Could all of the entries be written out exactly, with any pictures omitted?
TASK INPUTS: Begin
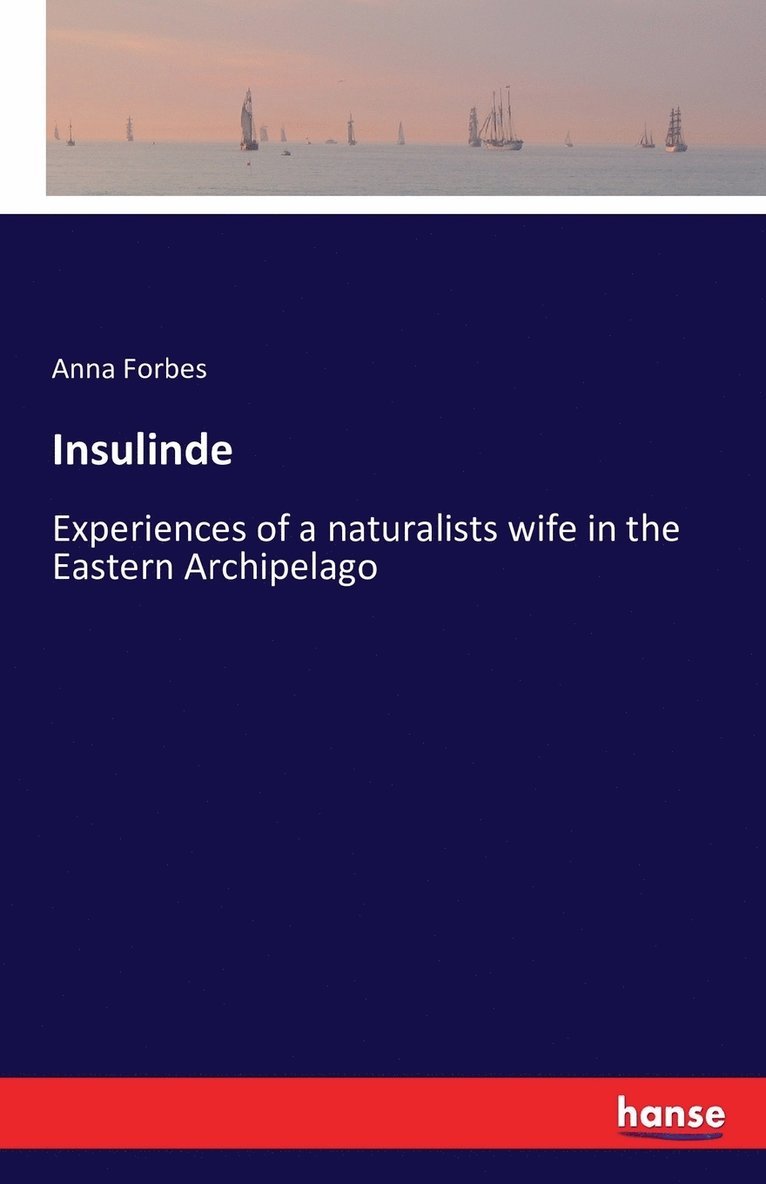Anna Forbes - Insulinde, Häftad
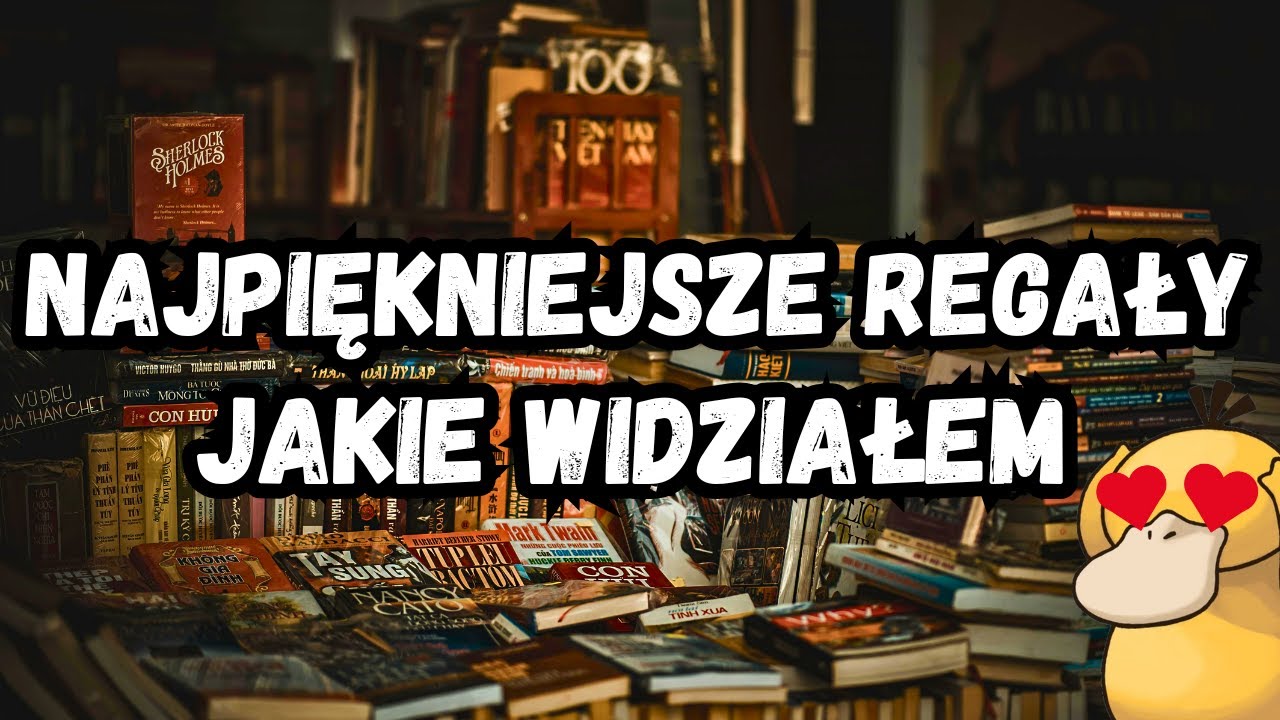 NAJPIĘKNIEJSZA KOLEKCJA KSIĄŻEK JAKĄ WIDZIAŁEM | PRZEGLĄD WASZYCH REGAŁÓW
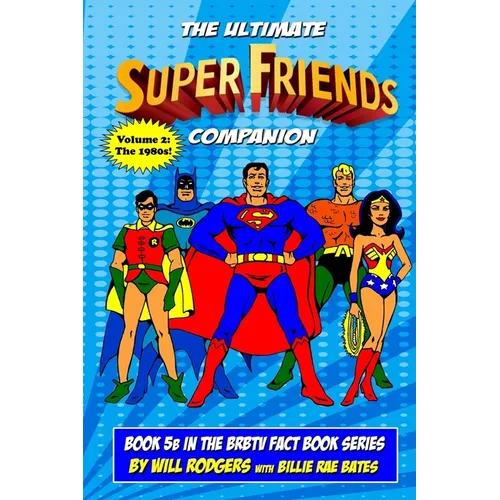 The Ultimate Super Friends Companion: Volume 2, The 1980s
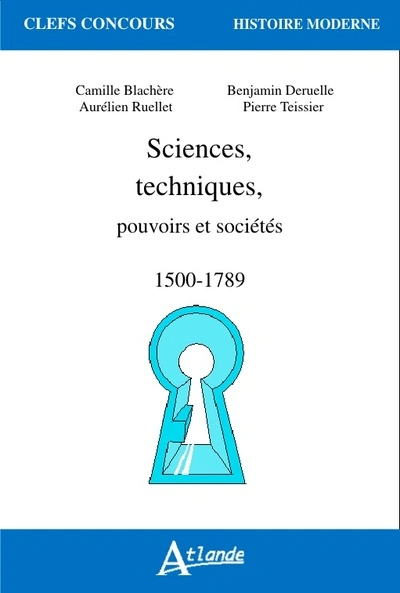 Clefs concours : Sciences, techniques, pouvoirs et société (1500-1789)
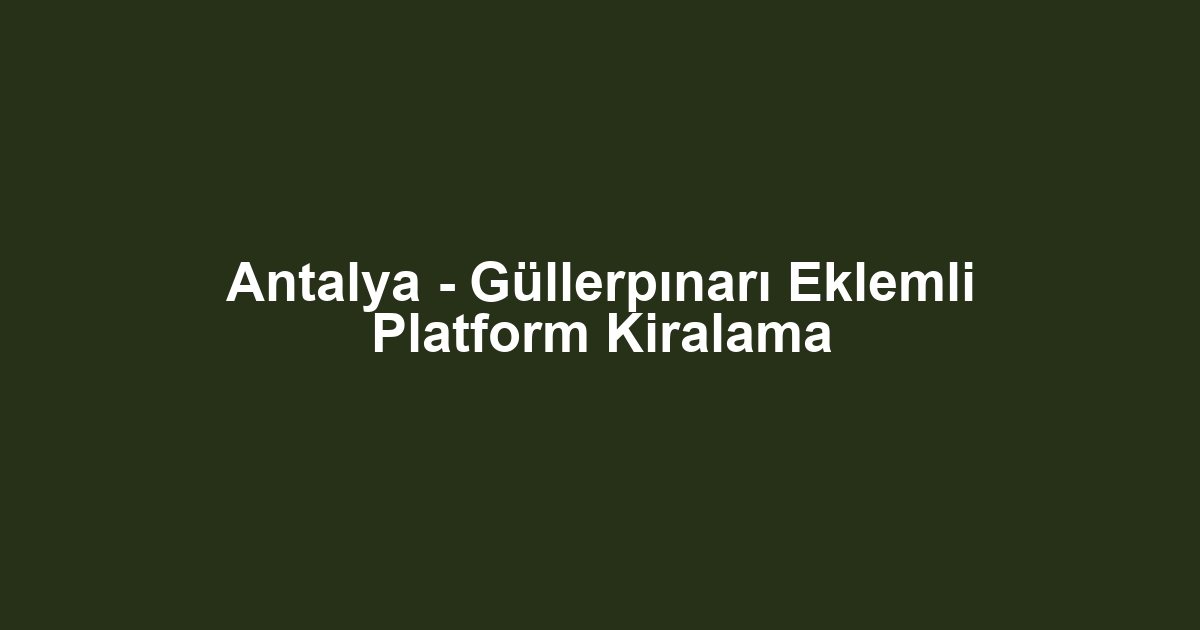 Antalya - Güllerpınarı Eklemli Platform Kiralama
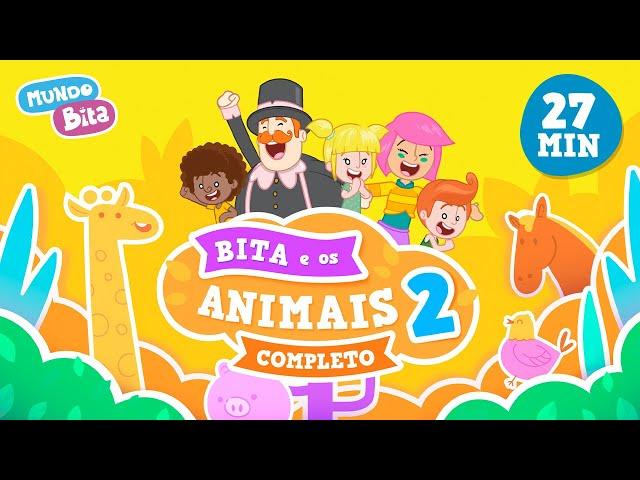 Bita e os Animais 2 - Álbum Completo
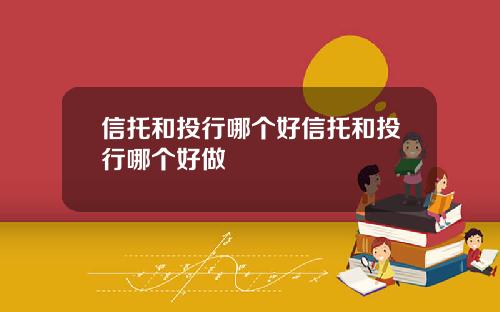 信托和投行哪个好信托和投行哪个好做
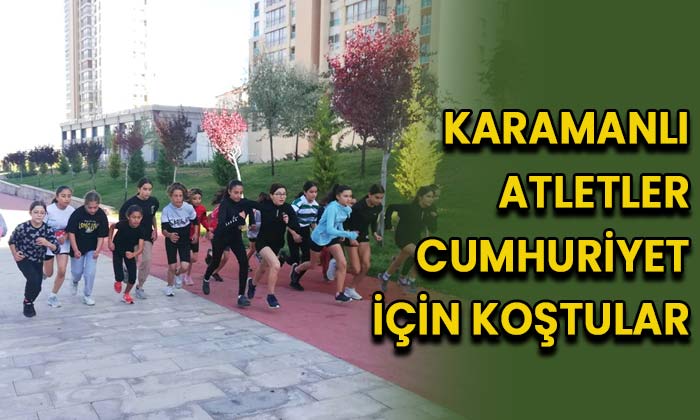 Karaman’da atletler Cumhuriyet için koştu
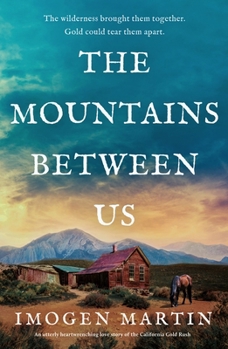 The Mountains Between Us: An utterly heart-wrenching love story of the California Gold Rush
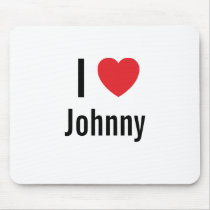 I love Johnny mousepads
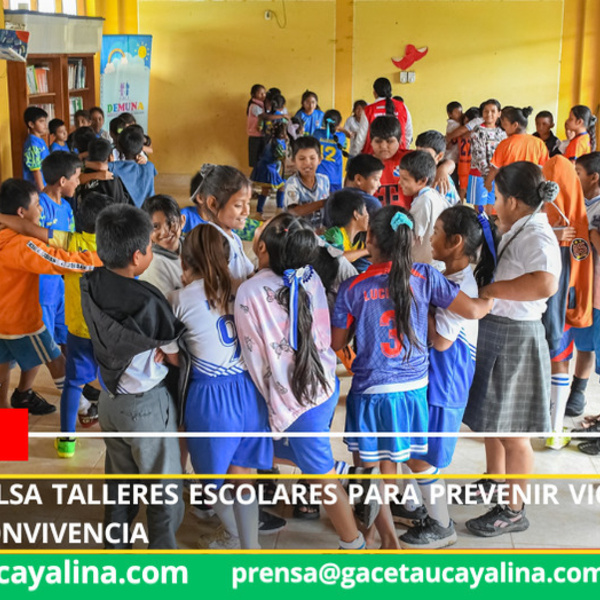 Sepahua impulsa talleres escolares para prevenir violencia y fortalecer convivencia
TASK INPUTS: End
(YOUR RESPONSE):
Anna Forbes - Insulinde, Häftad
 NAJPIĘKNIEJSZA KOLEKCJA KSIĄŻEK JAKĄ WIDZIAŁEM | PRZEGLĄD WASZYCH REGAŁÓW
 The Ultimate Super Friends Companion: Volume 2, The 1980s
 Clefs concours : Sciences, techniques, pouvoirs et société (1500-1789)
 Antalya - Güllerpınarı Eklemli Platform Kiralama
 Bita e os Animais 2 - Álbum Completo
 信托和投行哪个好信托和投行哪个好做
 Karaman’da atletler Cumhuriyet için koştu
 The Mountains Between Us: An utterly heart-wrenching love story of the California Gold Rush
 I love Johnny mousepads
 Sepahua impulsa talleres escolares para prevenir violencia y fortalecer convivencia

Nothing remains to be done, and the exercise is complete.